TORONTO – It has been more than 20 years since Anita Hill levelled incendiary testimony that would make her an instant icon in the fight for women’s rights.

Now, the outspoken American law professor is in the spotlight again, arguing that more must be done to achieve true gender equality.

Hill was in Toronto over the weekend to discuss the lasting impact of accusations she levelled long ago at Clarence Thomas, who was a Supreme Court nominee being vetted by a Senate judiciary hearing in 1991.

The televised testimony proved to be riveting drama for those who tuned in, and catapulted Hill into a reluctant role as a civil rights champion.

Today, she says she has comfortably embraced that responsibility and wants a new generation of women to know the struggles that came before them.

Hill’s experiences are detailed in the new documentary “Anita,” which screens next weekend in Toronto at HotDocs, the Canadian International Documentary Festival.

“These issues are still important for young women today growing up — people who have come up in a generation since those hearings,” Hill said Saturday.

“Violence in all its forms against women is the big issue, if you will.

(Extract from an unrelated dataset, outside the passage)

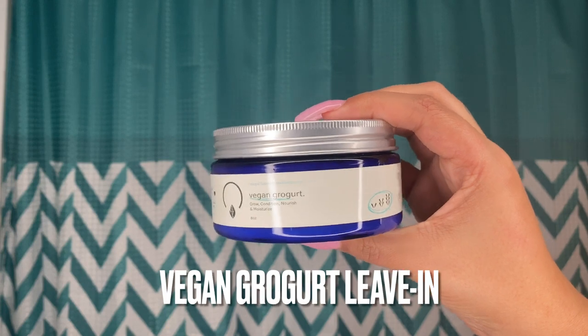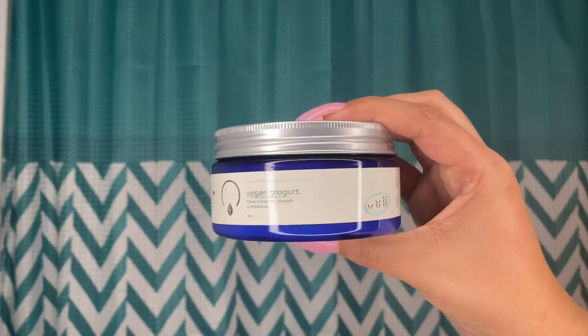So I'm done washing my hair and now it's time for styling. I put it back in four parts and I'm going in with the Vegan Grogurt. A little goes a long way — be sure to apply this product on wet hair.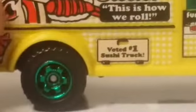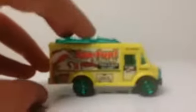Those wheels are really nice — got these nice green chrome wheels on the bottom. The plastic base is pretty nice, with some detail there, just some pipes and basic stuff that they usually put under their Matchbox cars.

Sexual harassment is a part of what keeps us from achieving true equality. It works on us economically and it works on us in terms of our advancement through the workplace, our sense of belonging in the workplace and the authority that we have in the workplace, regardless of how much we get paid.”

“Anita” traces the bewildering onslaught that beset Hill the moment she naively stepped forward to address the all-male Senate committee.

Before a rapt television audience, she was made to recount humiliating encounters with her former boss and endure a nine-hour grilling by politicians who displayed little understanding of sexual harassment.

Thomas was confirmed by the committee and remains a Supreme Court justice.

After the hearing, the documentary reveals Hill was attacked privately for years afterwards — vindictive state politicians pressured Hill’s university to fire her, while other critics sent bomb threats to her office and threatening packages to her home.

Hill would have been happy to remain an anonymous law professor the rest of her life, says director Freida Mock, but was forced to become much more, to so many people.

“It was really a story of transformation after the hearings,” says Mock, who notes Hill continued the debate with several books and speaking engagements.

“And I think the letters, the thousands and thousands of letters of ordinary Americans, people around the world writing to her … really had a powerful impact on her.”

These days, Hill is at Brandeis University in Waltham, Mass., but is no longer in the classroom. Her focus is on administration work, where she says she’s eager to change the very way students learn.

“It’s time for us to think about how we can shape education in its totality,” says Hill, whose books include “Reimagining Equality: Stories of Gender, Race and Finding Home” and her biography, “Speaking Truth to Power.”

“Instead of thinking of issues that relate to race and gender as things that are only taught in women’s studies departments or ethnic studies departments, one of the things that I would like to see is integration of some of those theories and ideas throughout the curriculum. So that we don’t marginalize those voices.”

Hill says she continues to find inspiration from strangers who have written to her over the past 20 years. She keeps an estimated 25,000 letters stored in several file cabinets.

“I’m dying to write a book about those letters, the thousands of them, and I bet there are letters from a lot of Canadians as well. I do hear from Canadians a lot and that’s always gratifying,” says Hill.

“There are many things I need to be doing and I will be doing in the next few years. I’m not done yet.”